# Try it
Produce a verbatim copy of the data below that contains no pictures.

Short web captions
☆ ☆ ☆ ☆ ☆ ☆ ☆

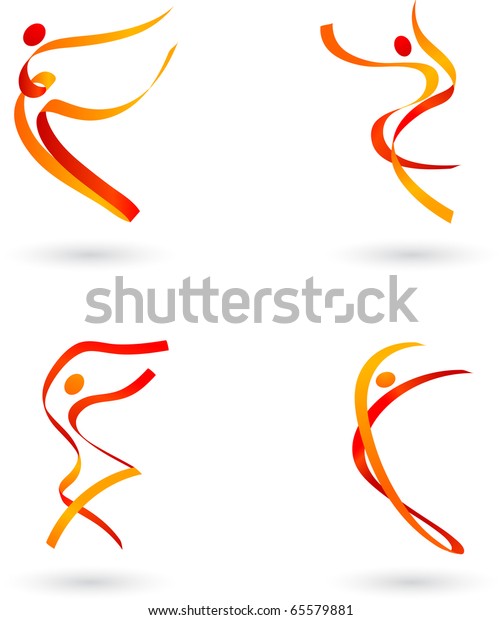 abstract dancing figures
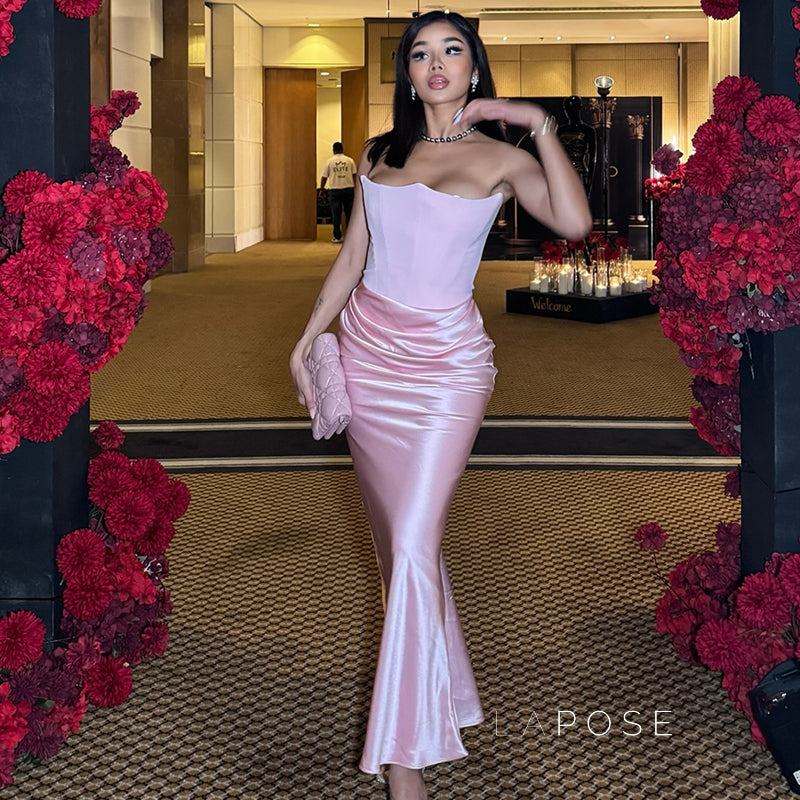 Ridhi Satin Corset Mini Dress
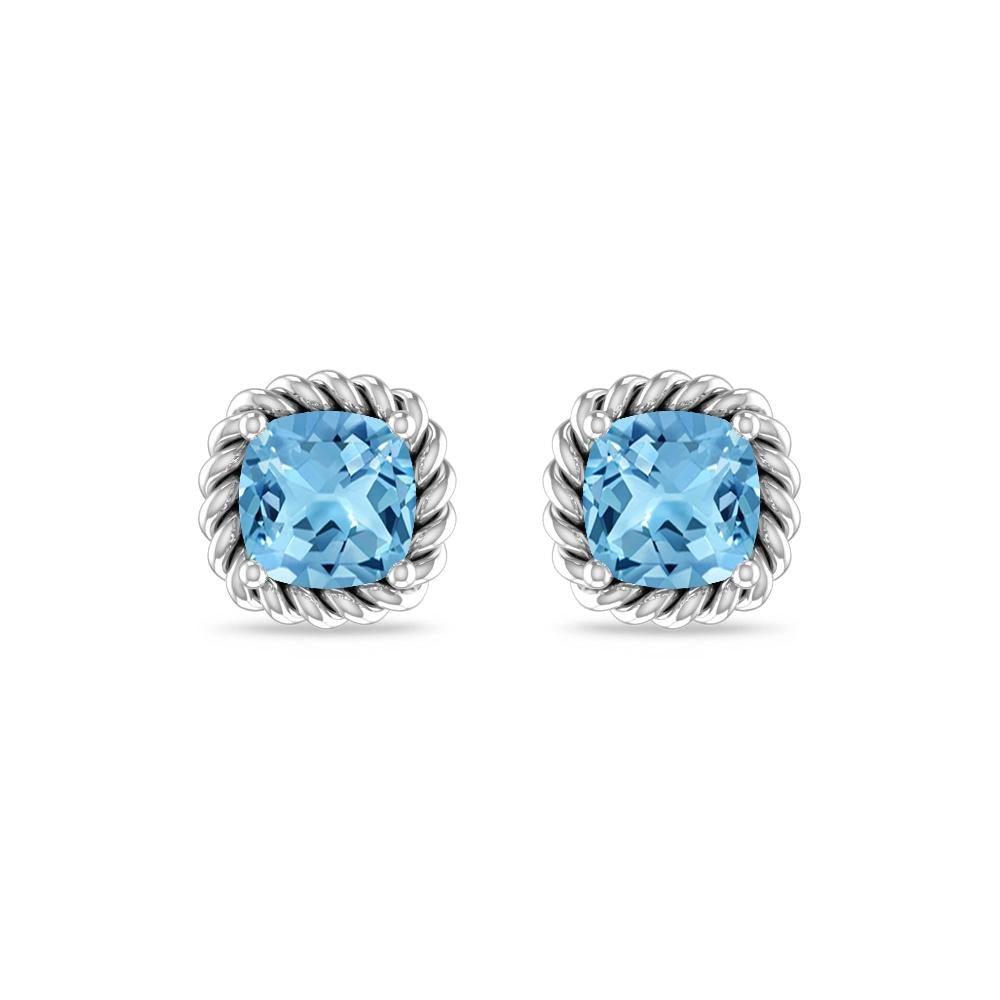 White Gold - Blue Topaz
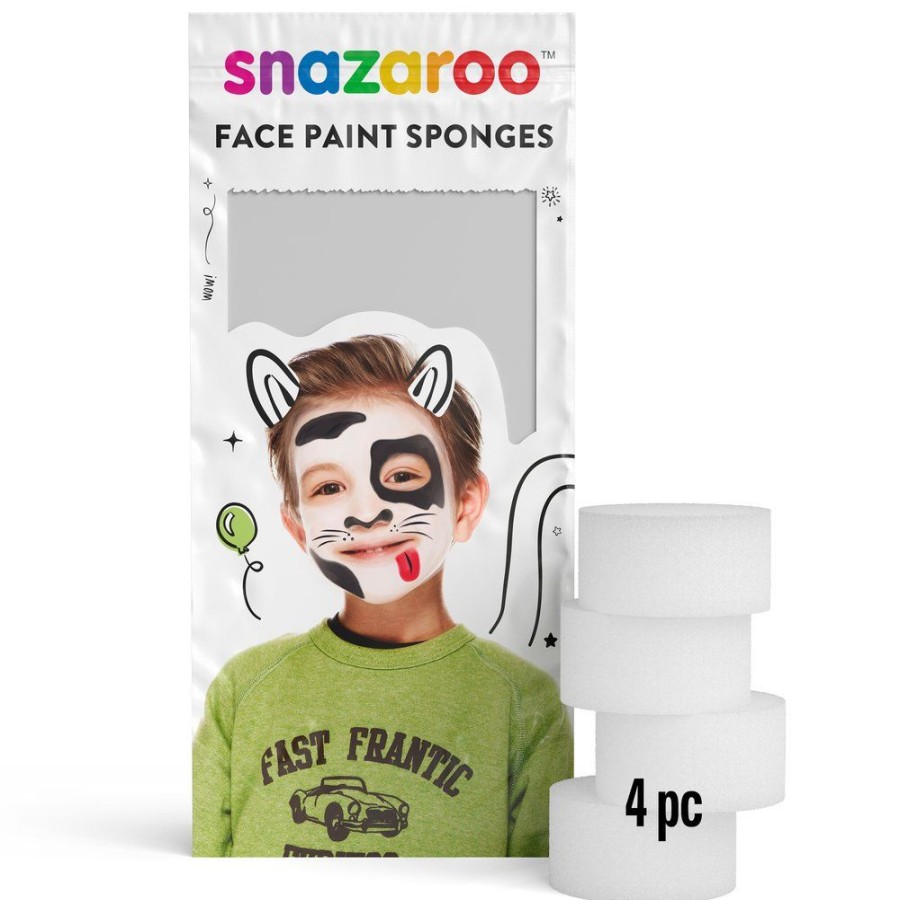 Face Painting Hillsart | Snazaroo- Hi Density Sponge 4 Pack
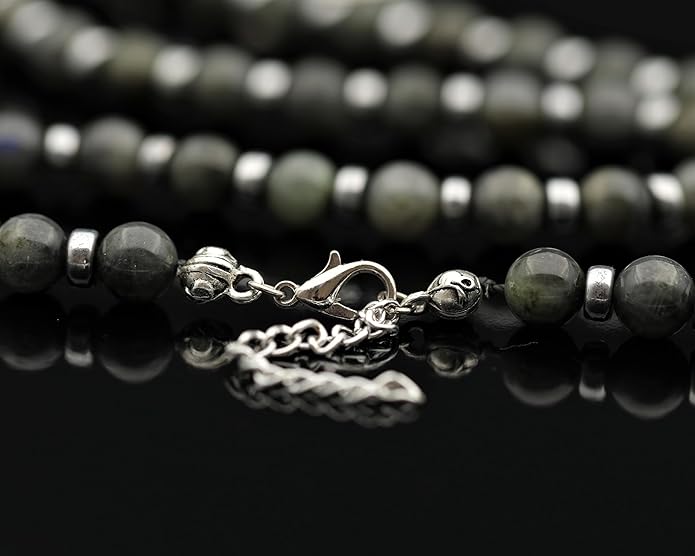 Natural Carnelian Agate Silver Pendant, Genuine Black Onyx Beaded Necklace, Gemstone Strong Necklace, 18x13 Cabachon, Fashion Dainty Jewelry, Healing Crystal Chakra Necklace, Minimalist Necklace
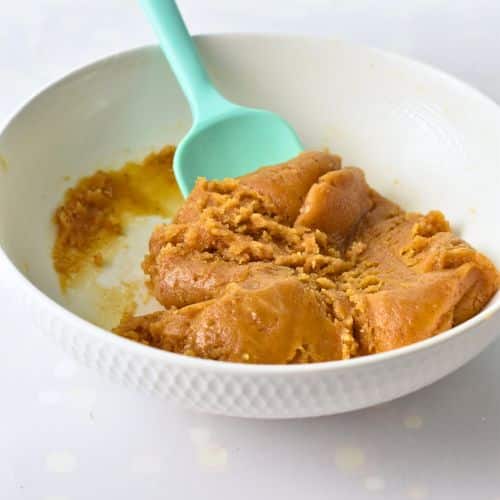 Chickpea Flour Cookie dough in a bowl.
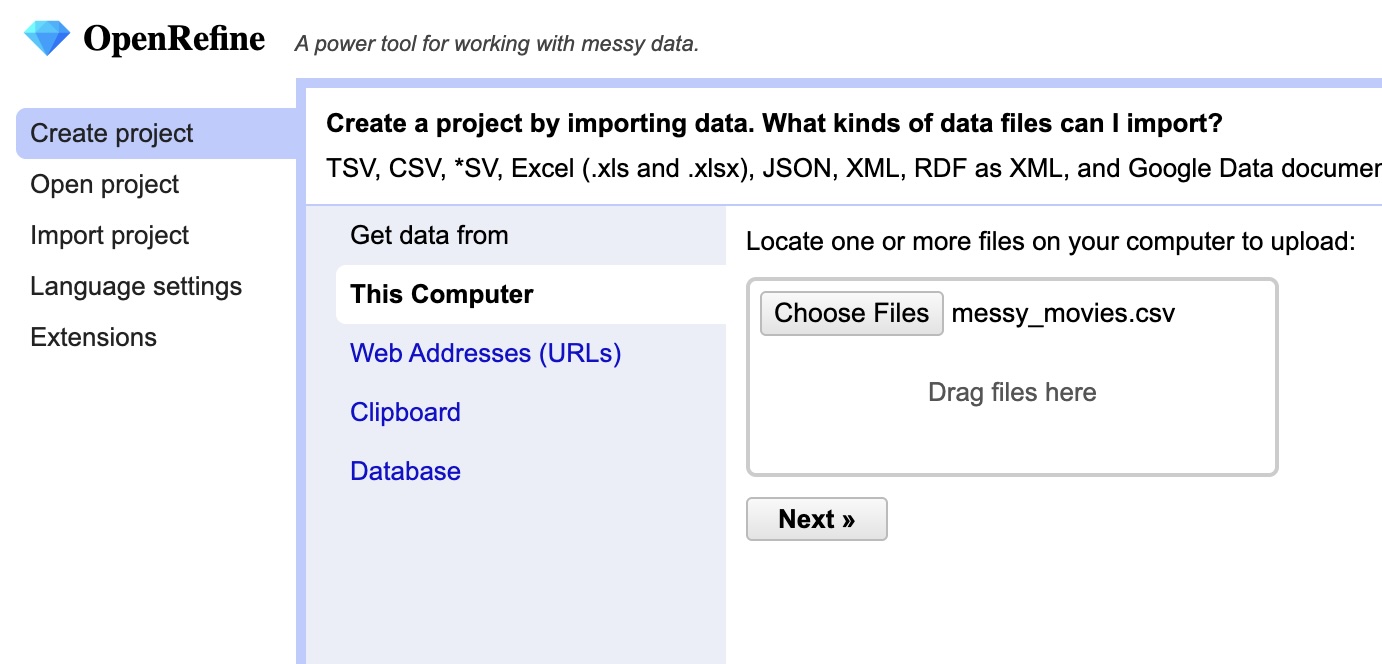 image of creating a project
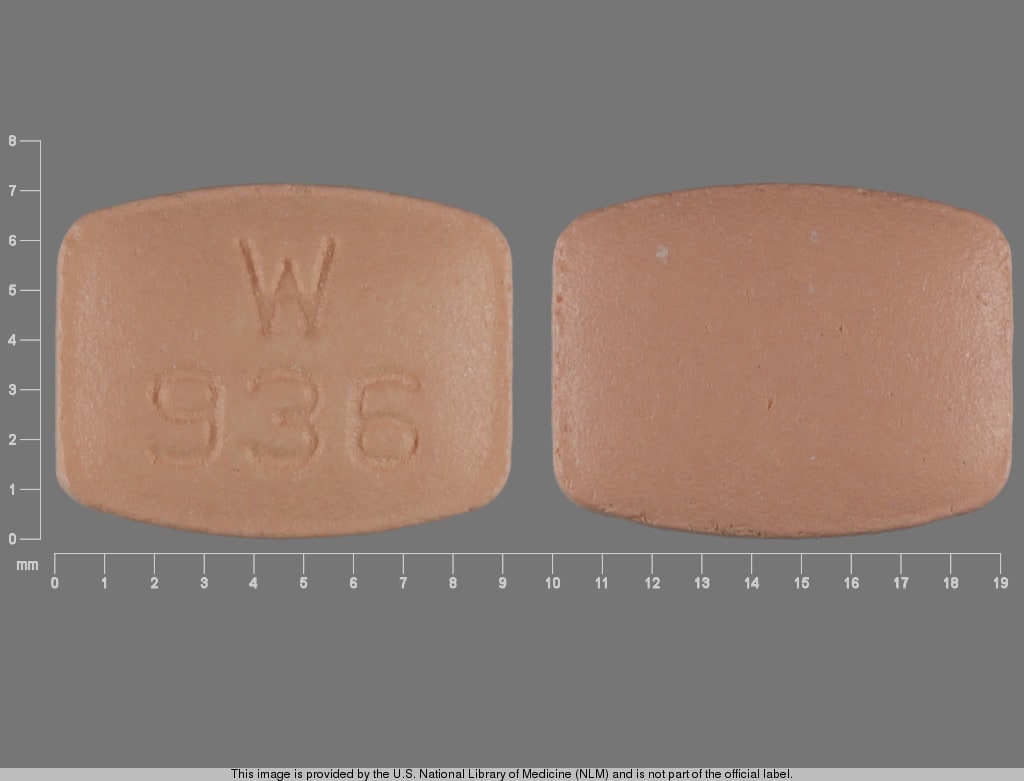 Image 1 - Imprint W 936 - famotidine 20 mg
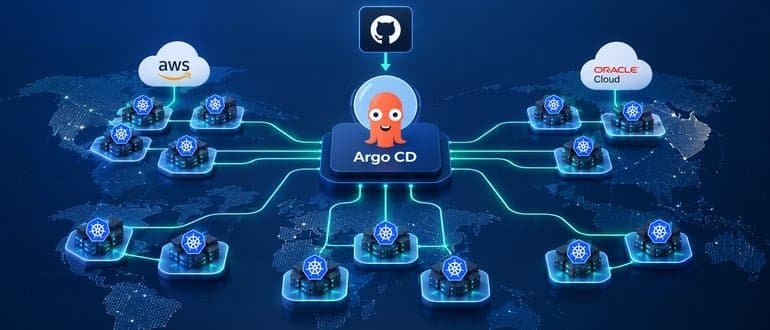 Um hub, 34 clusters: lições de um control plane GitOps em escala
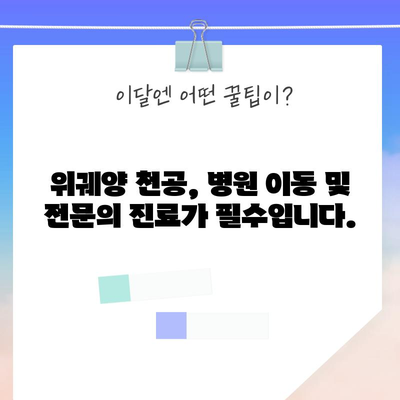 위궤양 천공 응급처치 가이드 | 생명을 구하는 7단계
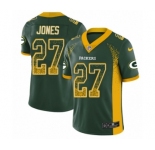 Men's Nike Green Bay Packers #27 Josh Jones Limited Green Rush Drift Fashion NFL Jersey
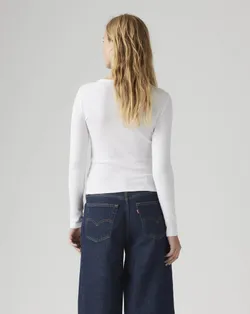 Лонгслив женский LEVI'S HAYES LS TEE WHITE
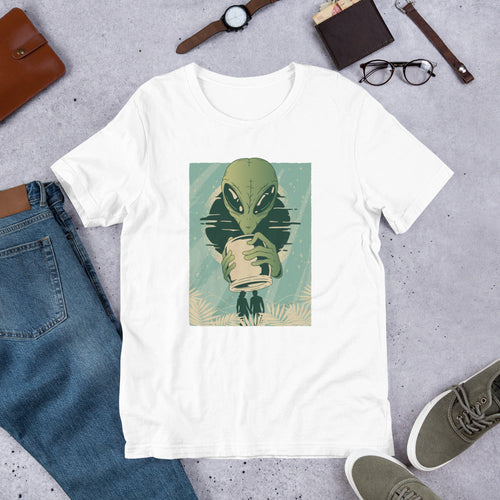 Alien Humans Abstract graphic tee – Fourth Dimension Club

☆ ☆ ☆ ☆ ☆ ☆ ☆

# Exercise output
 abstract dancing figures
 Ridhi Satin Corset Mini Dress
 White Gold - Blue Topaz
 Face Painting Hillsart | Snazaroo- Hi Density Sponge 4 Pack
 Natural Carnelian Agate Silver Pendant, Genuine Black Onyx Beaded Necklace, Gemstone Strong Necklace, 18x13 Cabachon, Fashion Dainty Jewelry, Healing Crystal Chakra Necklace, Minimalist Necklace
 Chickpea Flour Cookie dough in a bowl.
 image of creating a project
 Image 1 - Imprint W 936 - famotidine 20 mg
 Um hub, 34 clusters: lições de um control plane GitOps em escala
 위궤양 천공 응급처치 가이드 | 생명을 구하는 7단계
 Men's Nike Green Bay Packers #27 Josh Jones Limited Green Rush Drift Fashion NFL Jersey
 Лонгслив женский LEVI'S HAYES LS TEE WHITE
 Alien Humans Abstract graphic tee – Fourth Dimension Club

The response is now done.